A field of commemorative crosses at Berlin's former Checkpoint Charlie are being removed after a privately run museum lost a court battle to keep the memorial to people killed at the East German border during the Cold War.
Workers in blue overalls began removing the 1,067 crosses after covering the plaques with the victims' names and carrying them away.
Several hundred protesters jeered and whistled derisively in the rain at the former crossing point between East and West Berlin. "Remember, Don't Forget" read one sign. Several people shouted "Betrayers of the fatherland!"
The privately run museum had been given until today to raise $43 million to purchase the land where it erected the memorial in October.

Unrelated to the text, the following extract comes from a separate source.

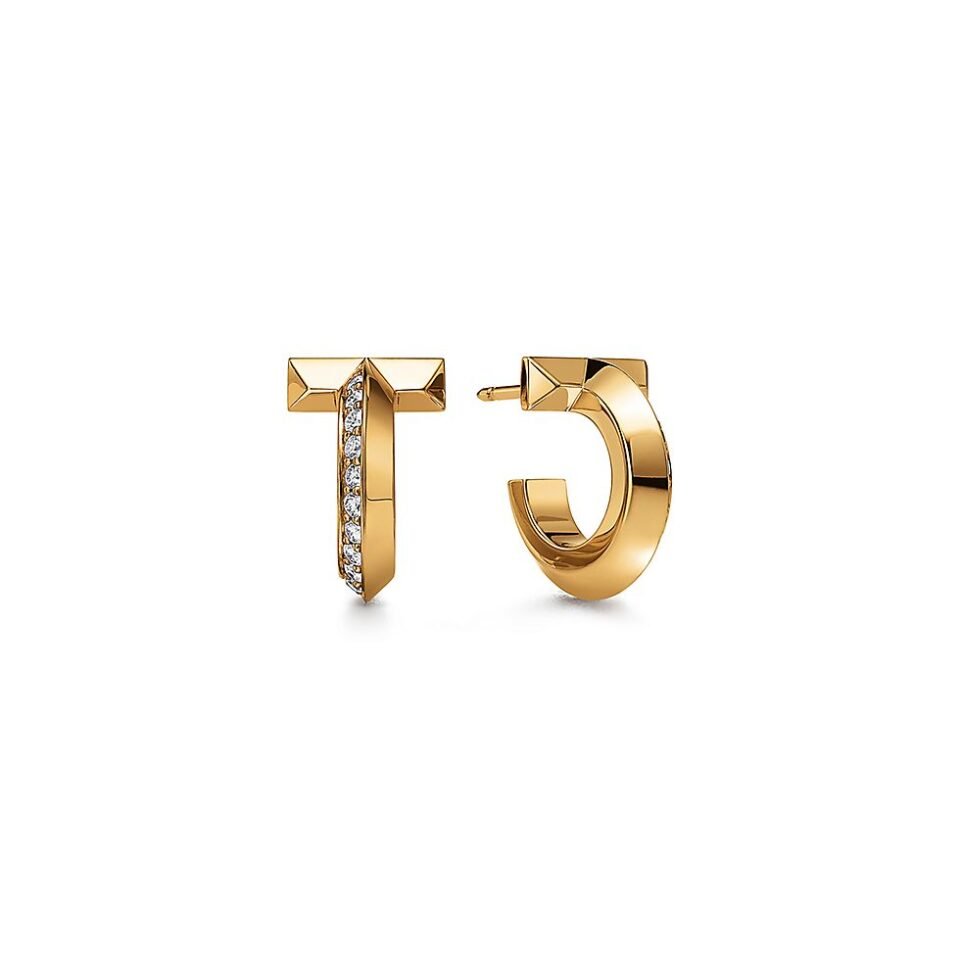 Tiffany T Series T1 Ring Earrings Set with Diamond  Gold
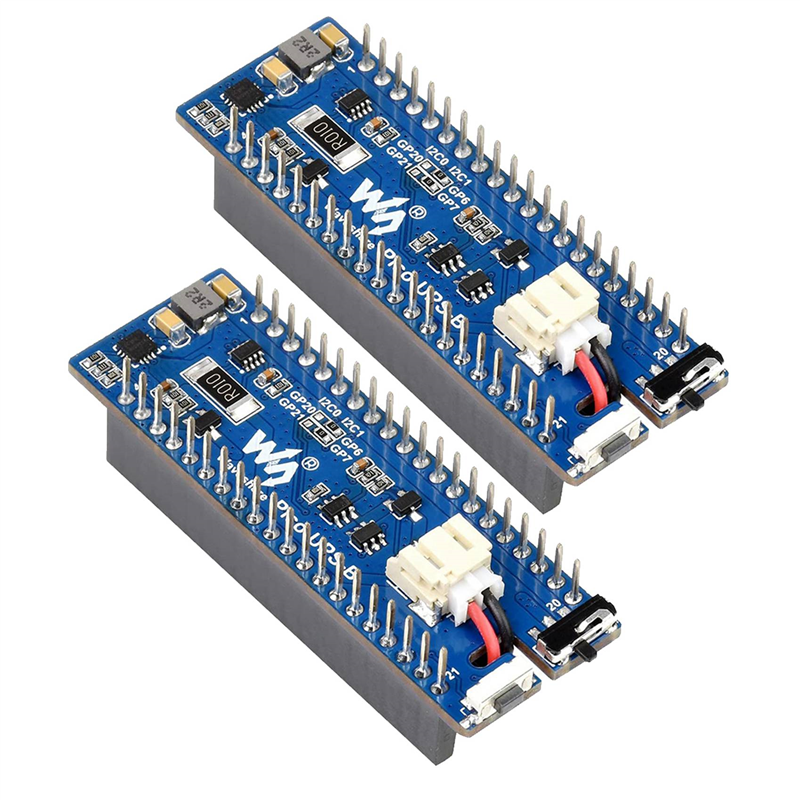 2X UPS Module B for Pico Board, Uninterruptible Power Supply Monitoring Battery Via I2C Bus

It didn't reach that goal.
The museum had been leasing the land from the Hamm-based BAG bank, but its agreement expired at the end of 2004, and a court ordered the memorial removed.
The memorial consisted of a rebuilt section of the Berlin Wall and heavy wooden crosses representing the museum's tally of the people killed at the East German border between 1961 and 1989. It sits on land that was formerly on the East German side of the checkpoint.
The land today is a high-rent downtown district, but because of the historical significance of the site, the museum has ruled out erecting the memorial on cheaper land elsewhere.
Germany, divided into East and West during the Cold War, was reunited in 1990 with the collapse of communism.